Under-pressure families will be hit with extra taxes and deeper public service cuts next year as part of the €3.8bn Budget adjustment.
There will be €1 in extra taxes for every €2 cut in government spending next year as part of the painful Budget measures.
The Cabinet finally signed off last night on the total amount of cuts and taxes to be implemented from 2012 to 2015.
The Government is committed to reducing borrowing to 8.6pc of economic output next year -- and to bring the deficit down to 3pc of gross domestic product by 2015.
Over the next four weeks, the Government will publish four separate documents outlining its plans for the December 6 Budget Day.
Taoiseach Enda Kenny will make a state of the nation address the week before.
The existing forecast that economic output will go up by 2.5pc next year was expected to be slashed by almost 1pc. And the estimates for tax revenue and employment were also expected to fall.
Finance Minister Michael Noonan said the Budget measures would have been 'far harsher' if the EU had not agreed to cut Ireland's interest repayments by €900m.
The country would be "in dreadful difficulties" were it not for the cut, he said.
Without the interest rate cut agreed over the summer, Mr Noonan would have had to slash spending and raise taxes by at least €4.5bn.

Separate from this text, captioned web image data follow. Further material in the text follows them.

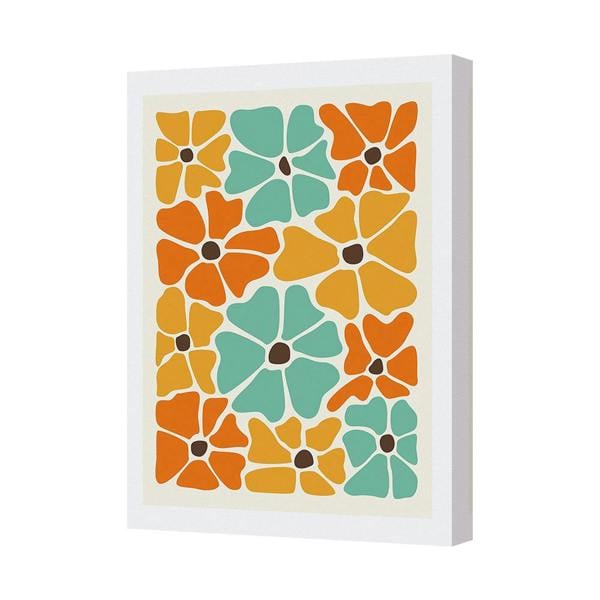 Benjamin Tate Design Colorful Floral Canvas Art Print Wall Decor With Orange Teal Yellow Flowers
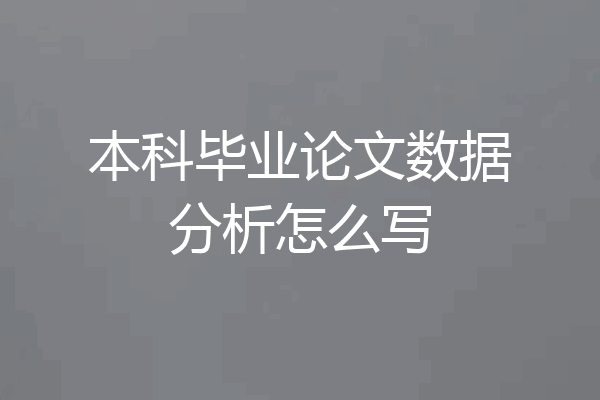本科毕业论文数据分析怎么写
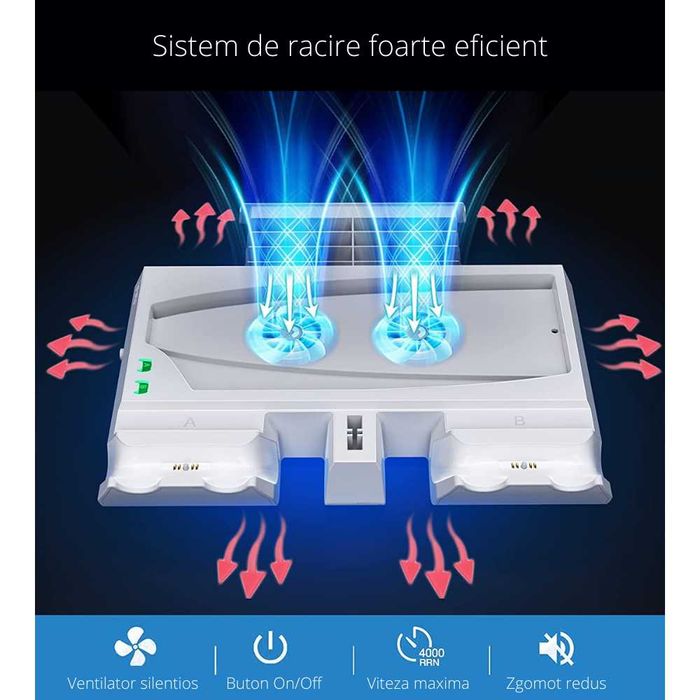 Stand racire PS5,incarcare controllere, suport casti,depozitare Cd-uri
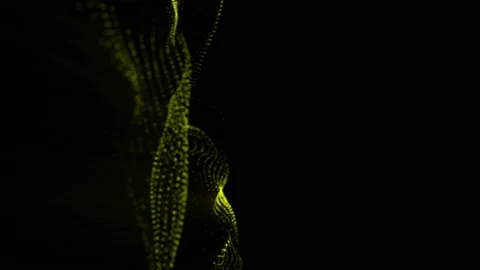Plane of yellow particles slowly oscillates against a black background. abstract Stock Footage 97168091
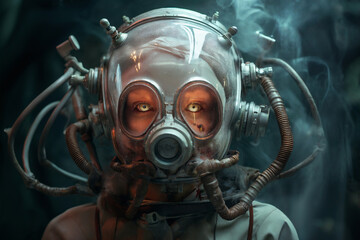 portrait of a zombie woman, wearing a gas mask or a futuristic helmet, under water, with biohazard or mutation on her skin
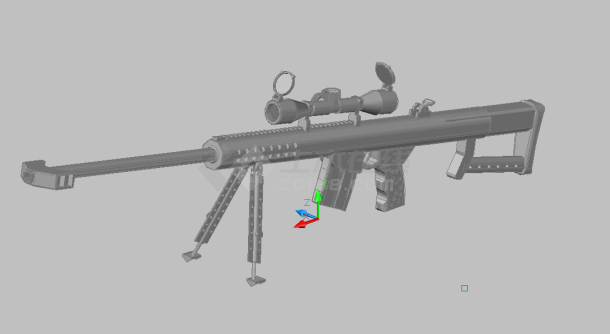 经典巴雷特步枪设计CAD三维模型图纸（甲级院设计）-图一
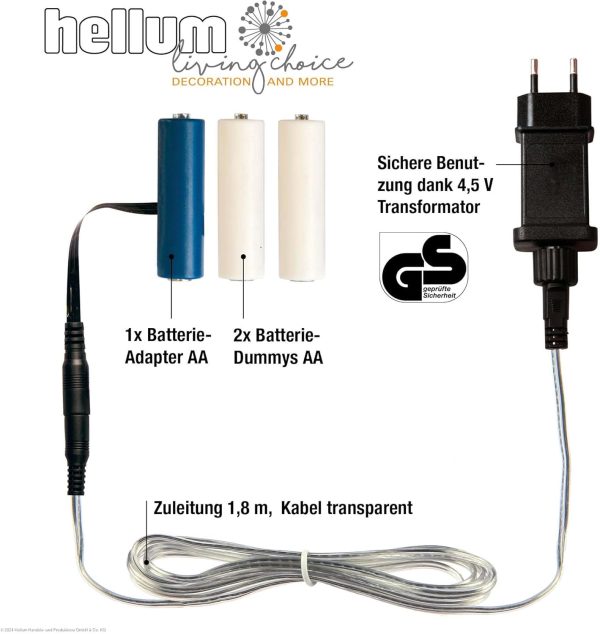 Hellum Batterie Adapter, 4.5V Netzteil Adapter Batterie-ersatz für AA x 3 Stück Batterien, AA x 3 Dummys Batterien Ersatz Netzteil mit 1,8m Zuleitung für batteriebetriebene Licht Dekoration 578997 2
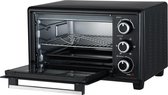 Mini-oven, 20 liter, kleine mini-oven met circulatie, 60 minuten timer, pizza-oven, 1380 W, zwart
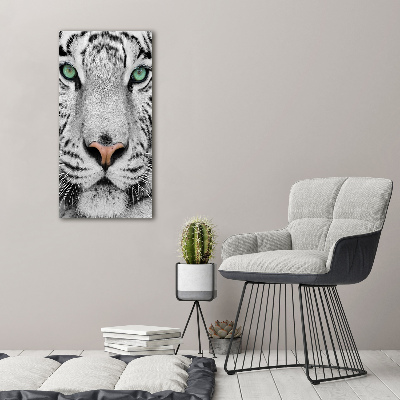 Cuadro moderno en lienzo resistente uv vertical Tigre blanco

The Department of Finance admitted it collected less income tax and VAT this year than projected.
Detailed forecasts are needed to restore consumer confidence which has plunged in recent years, Mr Noonan said.
"Many people actually think things are worse then they are. The missing ingredient in Ireland is confidence," he said.
The Government had sent detailed plans to the European Commission on ways to chop as much as €20bn off the deficit before returning to bond markets in 2013.
The minister wants changes to the way the State pays for promissory notes that add €3bn to the Government's borrowing every year to pay for the wind-down of Anglo Irish Bank.
But he admitted changes to the promissory notes may not be accepted.
Mr Noonan said Irish banks had seen deposits rise again in October following September's small gains.
Banks have also been able to borrow at 4pc on the money markets.